::: RECORD SET :::
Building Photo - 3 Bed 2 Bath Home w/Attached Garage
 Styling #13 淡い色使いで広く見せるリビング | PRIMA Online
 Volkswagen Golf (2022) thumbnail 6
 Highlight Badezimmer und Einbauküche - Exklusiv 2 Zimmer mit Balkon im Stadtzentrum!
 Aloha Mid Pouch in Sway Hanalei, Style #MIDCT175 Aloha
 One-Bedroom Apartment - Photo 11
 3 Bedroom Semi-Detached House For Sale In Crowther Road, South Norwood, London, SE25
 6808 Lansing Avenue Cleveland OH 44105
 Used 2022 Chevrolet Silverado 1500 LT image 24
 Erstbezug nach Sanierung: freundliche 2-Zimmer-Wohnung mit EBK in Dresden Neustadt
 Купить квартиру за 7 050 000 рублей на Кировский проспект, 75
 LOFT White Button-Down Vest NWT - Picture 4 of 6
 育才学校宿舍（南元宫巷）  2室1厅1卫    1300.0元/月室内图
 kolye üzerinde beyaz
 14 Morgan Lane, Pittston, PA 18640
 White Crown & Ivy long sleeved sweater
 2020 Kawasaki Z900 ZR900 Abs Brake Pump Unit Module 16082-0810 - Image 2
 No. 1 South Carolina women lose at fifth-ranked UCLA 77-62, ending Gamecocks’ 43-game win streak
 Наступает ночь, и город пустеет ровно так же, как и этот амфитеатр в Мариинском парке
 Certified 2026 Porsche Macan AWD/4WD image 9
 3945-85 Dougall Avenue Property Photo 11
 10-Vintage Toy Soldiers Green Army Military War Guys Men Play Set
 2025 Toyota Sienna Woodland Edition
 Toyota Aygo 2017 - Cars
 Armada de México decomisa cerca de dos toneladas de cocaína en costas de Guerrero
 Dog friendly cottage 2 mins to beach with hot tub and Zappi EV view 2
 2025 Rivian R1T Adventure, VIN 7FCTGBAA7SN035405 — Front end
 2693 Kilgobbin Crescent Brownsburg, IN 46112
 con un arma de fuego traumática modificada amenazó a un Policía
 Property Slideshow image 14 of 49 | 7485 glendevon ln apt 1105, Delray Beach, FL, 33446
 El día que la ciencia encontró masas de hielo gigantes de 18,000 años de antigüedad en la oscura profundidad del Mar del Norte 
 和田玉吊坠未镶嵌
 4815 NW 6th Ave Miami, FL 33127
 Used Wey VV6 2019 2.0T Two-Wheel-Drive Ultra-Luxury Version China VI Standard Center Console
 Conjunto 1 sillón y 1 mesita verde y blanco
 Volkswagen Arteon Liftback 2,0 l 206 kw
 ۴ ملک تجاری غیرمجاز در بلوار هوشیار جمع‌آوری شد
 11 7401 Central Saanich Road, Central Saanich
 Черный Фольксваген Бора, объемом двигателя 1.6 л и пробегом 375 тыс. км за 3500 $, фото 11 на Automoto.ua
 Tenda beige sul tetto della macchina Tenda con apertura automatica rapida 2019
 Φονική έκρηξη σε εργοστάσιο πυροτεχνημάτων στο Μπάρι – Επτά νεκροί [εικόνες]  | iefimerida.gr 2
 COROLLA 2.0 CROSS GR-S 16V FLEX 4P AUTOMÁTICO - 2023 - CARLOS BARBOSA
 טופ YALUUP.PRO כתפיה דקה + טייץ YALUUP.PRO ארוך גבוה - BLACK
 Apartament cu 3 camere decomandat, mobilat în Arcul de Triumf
:::
▶ [AIM OF THE EXERCISE]
Restate, word for word and with nothing added, the lines from the beginning of the records above through the line that contains "One-Bedroom Apartment - Photo 11".

▶ [YOUR SOLUTION]
Building Photo - 3 Bed 2 Bath Home w/Attached Garage
 Styling #13 淡い色使いで広く見せるリビング | PRIMA Online
 Volkswagen Golf (2022) thumbnail 6
 Highlight Badezimmer und Einbauküche - Exklusiv 2 Zimmer mit Balkon im Stadtzentrum!
 Aloha Mid Pouch in Sway Hanalei, Style #MIDCT175 Aloha
 One-Bedroom Apartment - Photo 11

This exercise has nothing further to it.